Strong Low Degree Hardness for the Number Partitioning Problem

In the number partitioning problem (NPP) one aims to partition a given set of $N$ real numbers into two subsets with approximately equal sum. The NPP is a well-studied optimization problem and is famous for possessing a statistical-to-computational gap: when the $N$ numbers to be partitioned are i.i.d. standard gaussian, the optimal discrepancy is $2^{-\Theta(N)}$ with high probability, but the best known polynomial-time algorithms only find solutions with a discrepancy of $2^{-\Theta(\log^2 N)}$. This gap is a common feature in optimization problems over random combinatorial structures, and indicates the need for a study that goes beyond worst-case analysis.
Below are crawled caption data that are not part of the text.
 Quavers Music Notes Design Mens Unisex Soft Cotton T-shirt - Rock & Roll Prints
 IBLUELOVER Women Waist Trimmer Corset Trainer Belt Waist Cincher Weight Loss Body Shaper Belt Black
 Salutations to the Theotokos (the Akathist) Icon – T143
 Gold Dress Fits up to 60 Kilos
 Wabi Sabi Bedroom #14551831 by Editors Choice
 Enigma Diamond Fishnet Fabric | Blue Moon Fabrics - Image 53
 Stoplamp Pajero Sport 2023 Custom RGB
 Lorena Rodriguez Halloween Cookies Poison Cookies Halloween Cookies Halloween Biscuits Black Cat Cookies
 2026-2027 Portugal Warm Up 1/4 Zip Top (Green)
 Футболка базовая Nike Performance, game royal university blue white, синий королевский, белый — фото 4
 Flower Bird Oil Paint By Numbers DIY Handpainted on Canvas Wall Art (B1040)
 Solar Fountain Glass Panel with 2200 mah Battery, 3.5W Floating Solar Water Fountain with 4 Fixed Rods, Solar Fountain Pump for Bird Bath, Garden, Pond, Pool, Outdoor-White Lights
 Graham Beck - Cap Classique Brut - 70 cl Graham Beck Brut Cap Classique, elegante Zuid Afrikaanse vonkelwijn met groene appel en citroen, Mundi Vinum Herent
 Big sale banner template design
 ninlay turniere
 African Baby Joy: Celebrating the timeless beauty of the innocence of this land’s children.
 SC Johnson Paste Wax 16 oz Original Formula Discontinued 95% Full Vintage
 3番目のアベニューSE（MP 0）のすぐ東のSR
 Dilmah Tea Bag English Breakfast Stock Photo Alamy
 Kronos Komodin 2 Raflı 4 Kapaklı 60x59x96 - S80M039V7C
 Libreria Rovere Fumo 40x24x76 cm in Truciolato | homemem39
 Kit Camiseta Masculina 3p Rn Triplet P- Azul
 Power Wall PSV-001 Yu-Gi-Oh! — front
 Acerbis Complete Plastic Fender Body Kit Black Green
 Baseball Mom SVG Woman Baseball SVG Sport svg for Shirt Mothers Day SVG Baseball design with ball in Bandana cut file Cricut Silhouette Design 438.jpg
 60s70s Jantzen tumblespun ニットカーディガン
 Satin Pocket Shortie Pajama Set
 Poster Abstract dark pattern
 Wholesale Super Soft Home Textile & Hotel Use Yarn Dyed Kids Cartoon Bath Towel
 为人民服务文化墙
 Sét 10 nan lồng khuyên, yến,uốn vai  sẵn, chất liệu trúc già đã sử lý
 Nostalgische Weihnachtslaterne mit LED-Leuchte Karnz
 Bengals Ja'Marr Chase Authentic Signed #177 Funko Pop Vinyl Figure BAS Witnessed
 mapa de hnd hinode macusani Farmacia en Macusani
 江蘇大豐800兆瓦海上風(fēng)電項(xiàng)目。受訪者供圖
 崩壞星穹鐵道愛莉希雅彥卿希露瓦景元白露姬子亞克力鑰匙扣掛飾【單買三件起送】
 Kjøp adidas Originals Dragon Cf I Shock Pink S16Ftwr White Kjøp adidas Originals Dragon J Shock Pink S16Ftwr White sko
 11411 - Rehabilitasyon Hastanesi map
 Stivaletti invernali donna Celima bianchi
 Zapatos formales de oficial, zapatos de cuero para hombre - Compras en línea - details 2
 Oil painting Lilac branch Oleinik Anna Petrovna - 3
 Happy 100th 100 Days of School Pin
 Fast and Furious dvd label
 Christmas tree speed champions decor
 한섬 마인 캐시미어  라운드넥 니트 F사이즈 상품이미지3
We provide evidence of a nearly tight algorithmic barrier for the number partitioning problem. Namely we consider the family of low coordinate degree algorithms (with randomized rounding into the Boolean cube), and show that degree $D$ algorithms fail to solve the NPP to accuracy beyond $2^{-\widetilde O(D)}$. According to the low degree heuristic, this suggests that simple brute-force search algorithms are nearly unimprovable, given any allotted runtime between polynomial and exponential in $N$. Our proof combines the isolation of solutions in the landscape with a conditional form of the overlap gap property: given a good solution to an NPP instance, slightly noising the NPP instance typically leaves no good solutions near the original one. In fact our analysis applies whenever the $N$ numbers to be partitioned are independent with uniformly bounded density.